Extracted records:
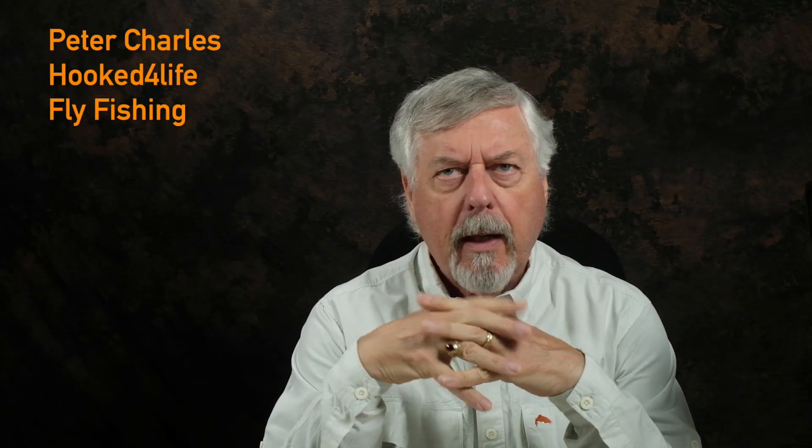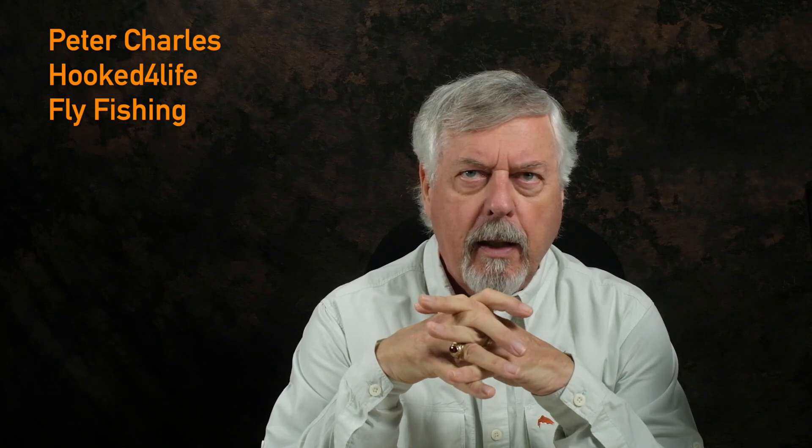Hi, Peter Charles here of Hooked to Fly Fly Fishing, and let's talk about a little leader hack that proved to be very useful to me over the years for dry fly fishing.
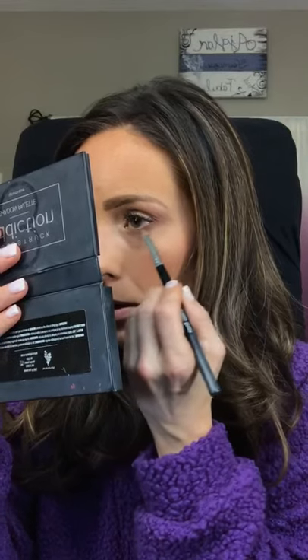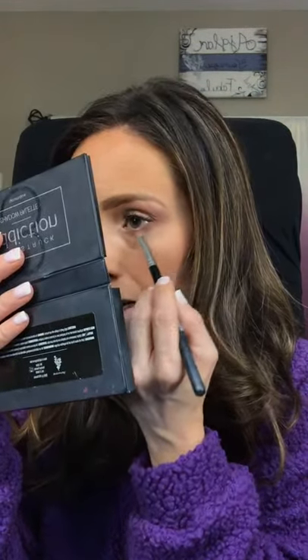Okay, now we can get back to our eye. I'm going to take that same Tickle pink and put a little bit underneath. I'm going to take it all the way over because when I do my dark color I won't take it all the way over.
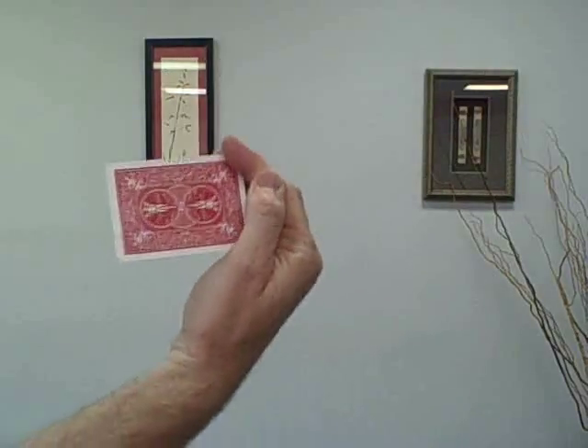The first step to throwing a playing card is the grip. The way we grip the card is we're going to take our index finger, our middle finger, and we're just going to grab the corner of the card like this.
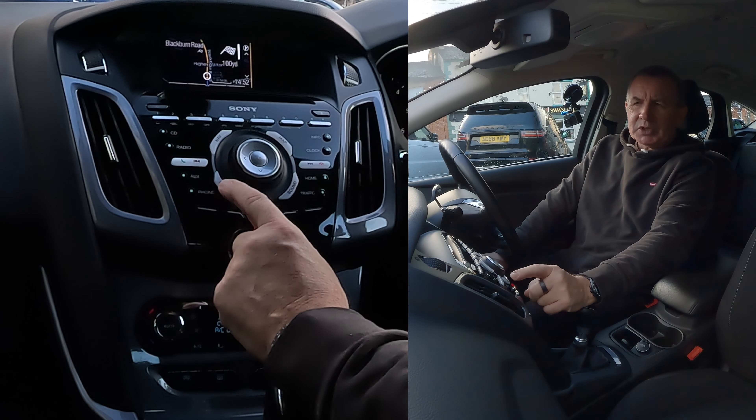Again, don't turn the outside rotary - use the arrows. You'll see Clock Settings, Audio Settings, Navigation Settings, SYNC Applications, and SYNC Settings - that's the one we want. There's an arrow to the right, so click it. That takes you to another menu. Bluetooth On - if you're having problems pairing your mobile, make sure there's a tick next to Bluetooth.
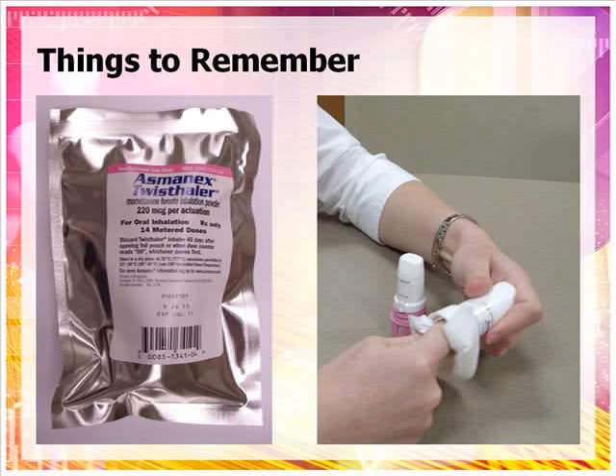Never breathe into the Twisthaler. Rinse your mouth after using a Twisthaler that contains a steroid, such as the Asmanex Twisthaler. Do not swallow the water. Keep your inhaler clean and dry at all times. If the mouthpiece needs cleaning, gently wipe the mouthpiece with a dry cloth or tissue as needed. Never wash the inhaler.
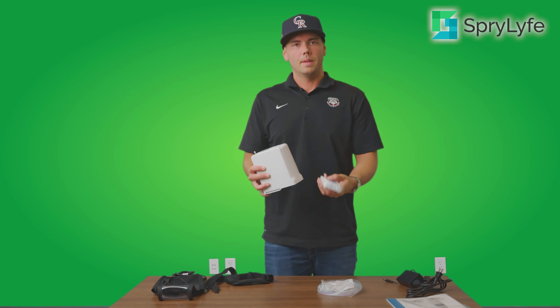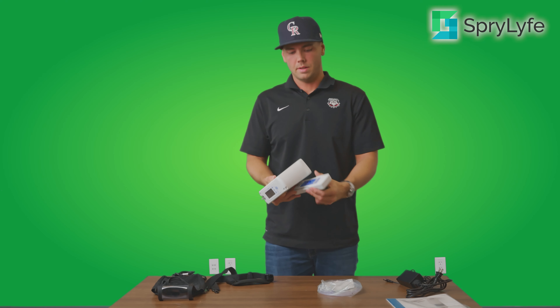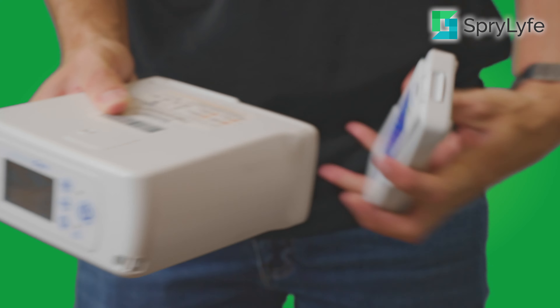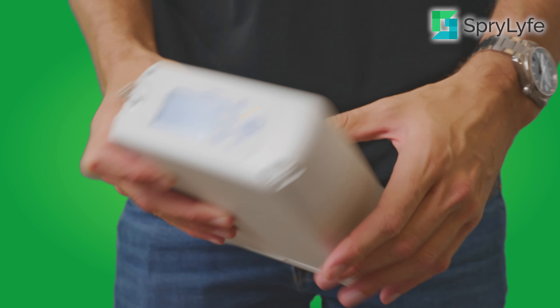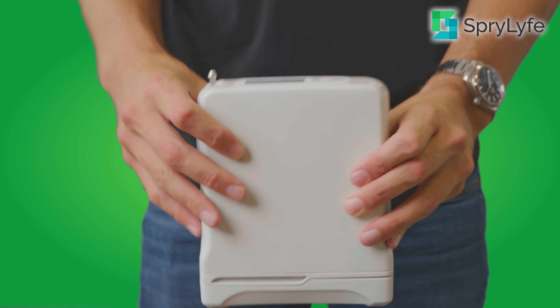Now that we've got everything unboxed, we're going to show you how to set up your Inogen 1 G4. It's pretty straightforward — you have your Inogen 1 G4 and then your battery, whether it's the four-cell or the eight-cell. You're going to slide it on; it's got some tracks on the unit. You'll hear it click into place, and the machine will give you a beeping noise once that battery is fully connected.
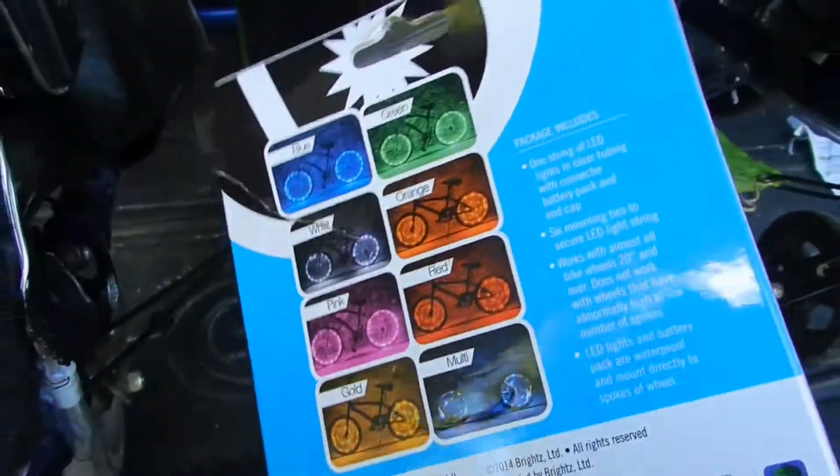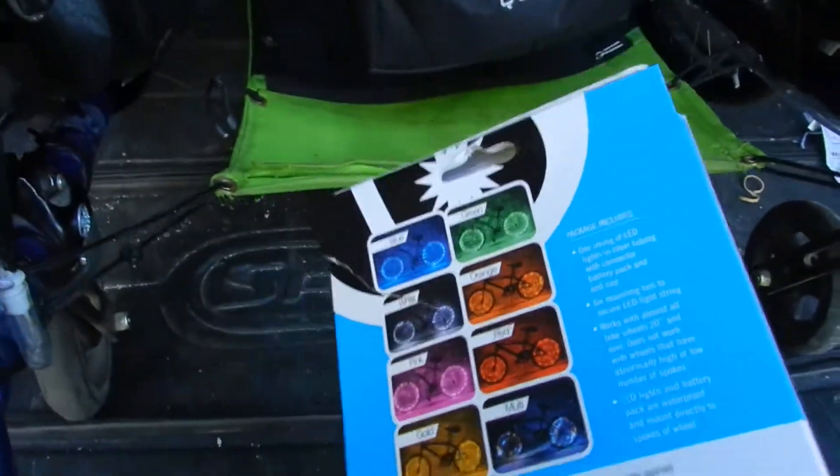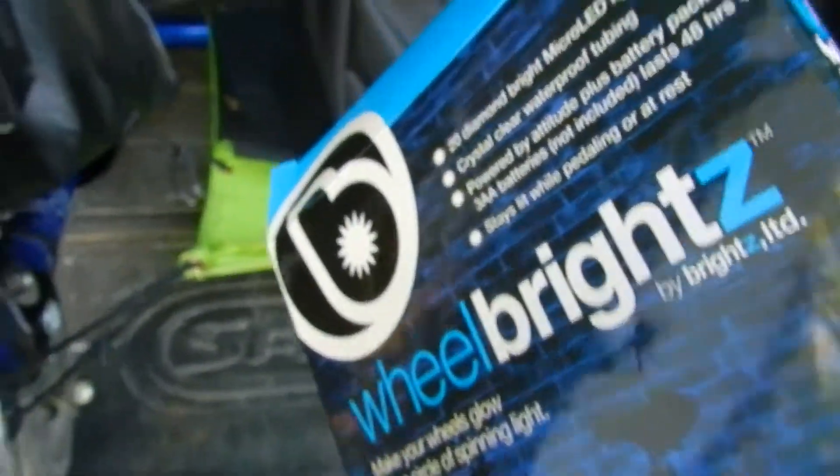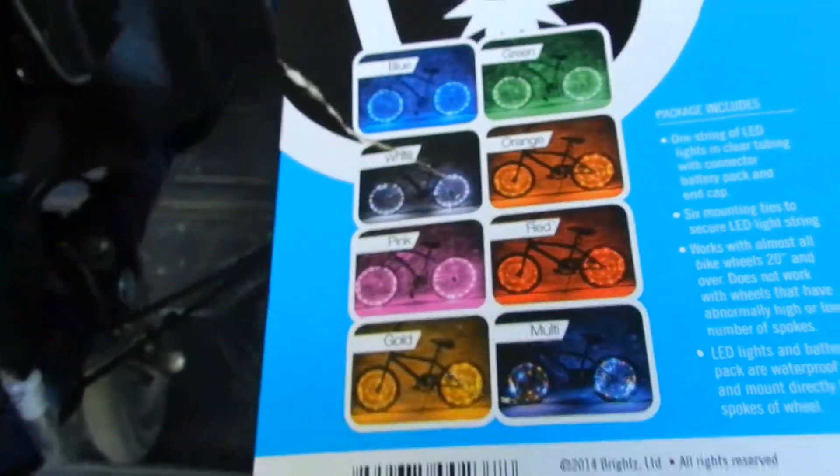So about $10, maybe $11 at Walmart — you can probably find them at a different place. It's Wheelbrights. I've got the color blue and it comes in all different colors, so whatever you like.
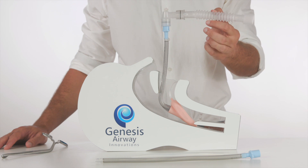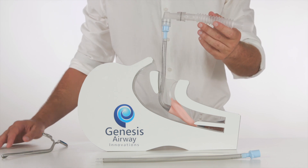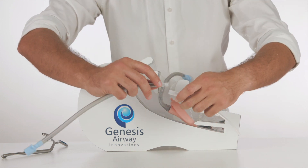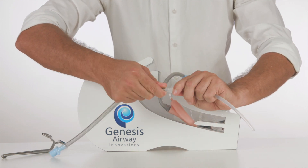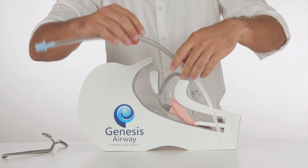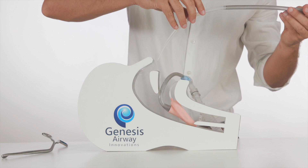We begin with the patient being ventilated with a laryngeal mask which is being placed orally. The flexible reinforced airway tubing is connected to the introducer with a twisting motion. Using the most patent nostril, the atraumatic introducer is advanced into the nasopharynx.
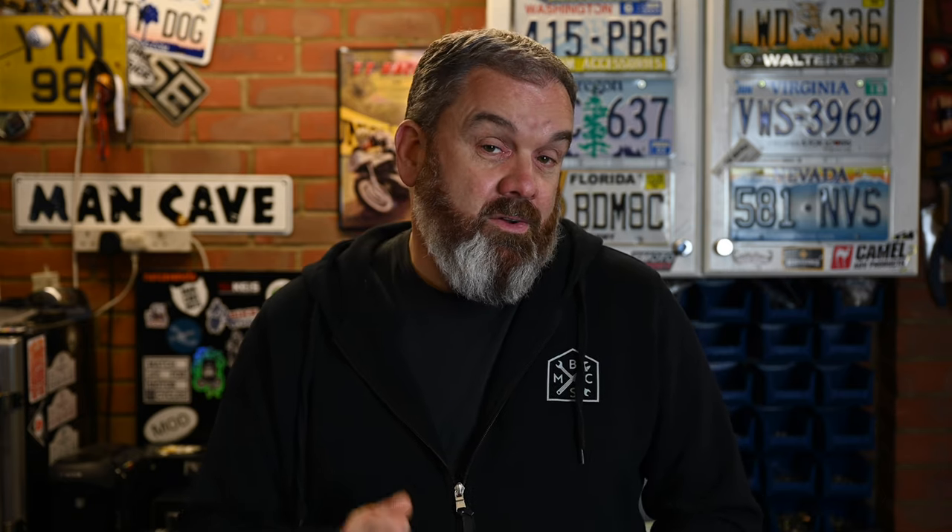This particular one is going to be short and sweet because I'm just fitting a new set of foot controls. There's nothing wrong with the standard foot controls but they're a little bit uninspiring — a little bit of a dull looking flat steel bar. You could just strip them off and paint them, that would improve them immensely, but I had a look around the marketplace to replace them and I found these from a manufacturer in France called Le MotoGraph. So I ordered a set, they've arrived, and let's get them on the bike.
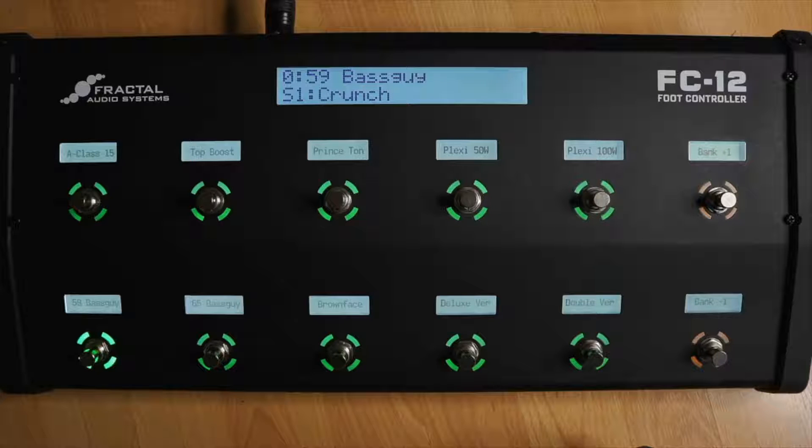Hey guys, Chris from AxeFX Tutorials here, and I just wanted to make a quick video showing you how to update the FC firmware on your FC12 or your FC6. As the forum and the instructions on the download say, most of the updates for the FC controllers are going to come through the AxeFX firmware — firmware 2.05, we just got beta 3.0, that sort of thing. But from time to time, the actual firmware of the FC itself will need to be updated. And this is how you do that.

■ WHAT TO DO
When you repeat the lines above, keep them exact and leave out each image they contain.

■ YOUR SOLUTION
Hi, Peter Charles here of Hooked to Fly Fly Fishing, and let's talk about a little leader hack that proved to be very useful to me over the years for dry fly fishing.
Okay, now we can get back to our eye. I'm going to take that same Tickle pink and put a little bit underneath. I'm going to take it all the way over because when I do my dark color I won't take it all the way over.
The first step to throwing a playing card is the grip. The way we grip the card is we're going to take our index finger, our middle finger, and we're just going to grab the corner of the card like this.
Again, don't turn the outside rotary - use the arrows. You'll see Clock Settings, Audio Settings, Navigation Settings, SYNC Applications, and SYNC Settings - that's the one we want. There's an arrow to the right, so click it. That takes you to another menu. Bluetooth On - if you're having problems pairing your mobile, make sure there's a tick next to Bluetooth.
Never breathe into the Twisthaler. Rinse your mouth after using a Twisthaler that contains a steroid, such as the Asmanex Twisthaler. Do not swallow the water. Keep your inhaler clean and dry at all times. If the mouthpiece needs cleaning, gently wipe the mouthpiece with a dry cloth or tissue as needed. Never wash the inhaler.
Now that we've got everything unboxed, we're going to show you how to set up your Inogen 1 G4. It's pretty straightforward — you have your Inogen 1 G4 and then your battery, whether it's the four-cell or the eight-cell. You're going to slide it on; it's got some tracks on the unit. You'll hear it click into place, and the machine will give you a beeping noise once that battery is fully connected.
So about $10, maybe $11 at Walmart — you can probably find them at a different place. It's Wheelbrights. I've got the color blue and it comes in all different colors, so whatever you like.
We begin with the patient being ventilated with a laryngeal mask which is being placed orally. The flexible reinforced airway tubing is connected to the introducer with a twisting motion. Using the most patent nostril, the atraumatic introducer is advanced into the nasopharynx.
This particular one is going to be short and sweet because I'm just fitting a new set of foot controls. There's nothing wrong with the standard foot controls but they're a little bit uninspiring — a little bit of a dull looking flat steel bar. You could just strip them off and paint them, that would improve them immensely, but I had a look around the marketplace to replace them and I found these from a manufacturer in France called Le MotoGraph. So I ordered a set, they've arrived, and let's get them on the bike.
Hey guys, Chris from AxeFX Tutorials here, and I just wanted to make a quick video showing you how to update the FC firmware on your FC12 or your FC6. As the forum and the instructions on the download say, most of the updates for the FC controllers are going to come through the AxeFX firmware — firmware 2.05, we just got beta 3.0, that sort of thing. But from time to time, the actual firmware of the FC itself will need to be updated. And this is how you do that.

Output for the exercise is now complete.